5. Links to relevant resources:

2

So about the Dav configuration, I’ve asked good old ChatGPT how it would handle it, and it came up with the following:

:80 {
  @davclnt {
    header_regexp User-Agent (?i)^DavClnt
  }

  route {
    @davclnt {
      rewrite * /remote.php/webdav/{uri}
    }

    redir @davclnt /302
  }
}

Is this looking correctly? It looks not too bad, but I’m not 100% sure about the {uri} part and if it does the same as $is_args$args.
I really don’t have the knowledge to say if it does the same as the NGINX config and don’t want to blindly enable AI generated configurations.

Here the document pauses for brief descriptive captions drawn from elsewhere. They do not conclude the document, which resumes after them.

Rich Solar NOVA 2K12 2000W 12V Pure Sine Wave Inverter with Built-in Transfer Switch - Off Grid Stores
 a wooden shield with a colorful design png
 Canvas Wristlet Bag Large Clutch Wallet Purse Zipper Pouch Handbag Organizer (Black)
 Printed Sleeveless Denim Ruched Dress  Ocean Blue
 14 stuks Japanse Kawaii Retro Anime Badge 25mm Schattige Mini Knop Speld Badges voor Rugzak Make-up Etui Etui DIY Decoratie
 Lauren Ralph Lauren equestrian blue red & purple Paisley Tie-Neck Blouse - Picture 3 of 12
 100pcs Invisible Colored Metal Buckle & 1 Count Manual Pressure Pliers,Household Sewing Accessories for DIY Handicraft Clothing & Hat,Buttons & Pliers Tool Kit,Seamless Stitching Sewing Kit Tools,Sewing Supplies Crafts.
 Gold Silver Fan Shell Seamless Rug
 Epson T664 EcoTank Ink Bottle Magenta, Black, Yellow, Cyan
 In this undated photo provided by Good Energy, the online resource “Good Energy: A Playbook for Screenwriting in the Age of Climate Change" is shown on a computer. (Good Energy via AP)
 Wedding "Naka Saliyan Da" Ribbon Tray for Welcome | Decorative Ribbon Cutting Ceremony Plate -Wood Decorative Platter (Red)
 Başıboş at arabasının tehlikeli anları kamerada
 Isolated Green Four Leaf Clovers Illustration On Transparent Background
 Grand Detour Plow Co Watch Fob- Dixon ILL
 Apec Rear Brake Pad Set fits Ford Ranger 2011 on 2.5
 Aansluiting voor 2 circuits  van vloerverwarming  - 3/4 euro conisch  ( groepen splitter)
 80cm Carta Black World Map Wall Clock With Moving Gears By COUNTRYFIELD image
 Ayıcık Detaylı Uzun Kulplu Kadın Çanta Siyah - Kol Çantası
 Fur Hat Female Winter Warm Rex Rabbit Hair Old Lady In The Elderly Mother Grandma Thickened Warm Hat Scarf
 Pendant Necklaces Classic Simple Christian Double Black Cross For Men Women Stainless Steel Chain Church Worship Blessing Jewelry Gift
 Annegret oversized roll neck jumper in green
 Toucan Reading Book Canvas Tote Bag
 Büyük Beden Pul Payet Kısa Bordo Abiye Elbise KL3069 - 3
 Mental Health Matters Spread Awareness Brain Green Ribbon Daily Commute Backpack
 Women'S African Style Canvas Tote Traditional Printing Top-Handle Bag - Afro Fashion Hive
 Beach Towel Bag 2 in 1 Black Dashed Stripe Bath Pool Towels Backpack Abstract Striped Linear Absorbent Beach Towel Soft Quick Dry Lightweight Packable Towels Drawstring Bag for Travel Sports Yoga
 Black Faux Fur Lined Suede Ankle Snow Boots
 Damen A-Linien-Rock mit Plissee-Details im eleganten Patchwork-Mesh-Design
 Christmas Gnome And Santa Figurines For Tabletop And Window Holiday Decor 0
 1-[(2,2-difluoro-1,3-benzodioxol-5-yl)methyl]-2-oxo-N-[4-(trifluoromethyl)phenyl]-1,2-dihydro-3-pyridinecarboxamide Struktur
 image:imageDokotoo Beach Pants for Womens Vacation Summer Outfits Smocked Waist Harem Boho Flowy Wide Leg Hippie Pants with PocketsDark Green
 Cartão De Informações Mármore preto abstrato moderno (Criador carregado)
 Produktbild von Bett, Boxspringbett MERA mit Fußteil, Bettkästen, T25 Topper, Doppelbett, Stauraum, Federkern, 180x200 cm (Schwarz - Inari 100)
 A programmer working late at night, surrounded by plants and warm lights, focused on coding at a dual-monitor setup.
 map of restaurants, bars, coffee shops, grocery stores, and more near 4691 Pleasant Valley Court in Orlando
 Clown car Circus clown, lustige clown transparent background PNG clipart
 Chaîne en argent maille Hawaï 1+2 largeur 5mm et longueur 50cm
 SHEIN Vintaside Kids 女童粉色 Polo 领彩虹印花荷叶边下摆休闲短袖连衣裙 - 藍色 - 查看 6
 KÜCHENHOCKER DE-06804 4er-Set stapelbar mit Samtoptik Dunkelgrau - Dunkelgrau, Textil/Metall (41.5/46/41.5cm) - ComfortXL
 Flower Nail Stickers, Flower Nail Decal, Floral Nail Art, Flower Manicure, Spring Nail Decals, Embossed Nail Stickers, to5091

And about the X-Forwarded-For header, could you maybe explain how this would look like in a Caddyfile?

3

No, that’s not correct.

Please don’t use ChatGPT, it doesn’t understand Caddy config properly, because it can’t tell the difference between Caddy v1 and Caddy v2, and its dataset is not big enough to be accurate (and as far as I can tell it used incorrect information as part of its dataset).

Please fill out the help topic template. It’s not clear what exactly you’re trying to achieve, and we need more context to be able to help.

Go to the home page and click on New Topic, choose the Help category. Copy the text in the text box(the template) and then make a new reply in this topic with the template and fill it out.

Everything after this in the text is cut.